Bolivia president-elect plans blockchain anti-corruption tool

Bolivia's president-elect Rodrigo Paz said his administration will deploy blockchain and smart contracts in public purchasing to reduce discretion and fight corruption once he takes office.
Paz won the October 19 runoff with about 54.5% of the vote against former president Jorge "Tuto" Quiroga, according to preliminary results from wire services. He will be sworn in on November 8.
His platform includes two digital-asset measures. The first applies blockchain and smart contracts to automate parts of public procurement. The second allows citizens to declare crypto among assets in a one-off regularization to help capitalize a foreign-exchange stabilization fund. The proposals frame blockchain as a transparency mechanism rather than a plan to adopt Bitcoin as legal tender.

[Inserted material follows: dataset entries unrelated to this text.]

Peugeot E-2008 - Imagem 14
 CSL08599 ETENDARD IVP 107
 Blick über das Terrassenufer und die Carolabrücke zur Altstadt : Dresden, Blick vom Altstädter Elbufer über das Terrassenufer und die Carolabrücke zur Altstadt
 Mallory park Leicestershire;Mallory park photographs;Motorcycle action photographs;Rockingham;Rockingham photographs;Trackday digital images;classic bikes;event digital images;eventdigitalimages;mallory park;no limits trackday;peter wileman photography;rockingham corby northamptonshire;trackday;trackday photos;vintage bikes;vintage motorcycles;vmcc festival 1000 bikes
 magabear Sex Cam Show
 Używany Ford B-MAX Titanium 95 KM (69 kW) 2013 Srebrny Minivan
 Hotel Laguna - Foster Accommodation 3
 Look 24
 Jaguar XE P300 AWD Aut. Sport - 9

Paz campaigned on anti-corruption and institutional reform during a period of fuel shortages and a U.S. dollar squeeze. His Christian Democratic Party will govern in a fragmented legislature, which could affect the pace of implementing procurement reforms and any asset-regularization drive.
In the campaign's final stretch, Paz pledged a stricter stance on graft, arguing that "when money isn't stolen, there is enough for everyone."
Bolivia's central bank enabled regulated crypto transactions in 2024. Private-sector trials involving stablecoins followed.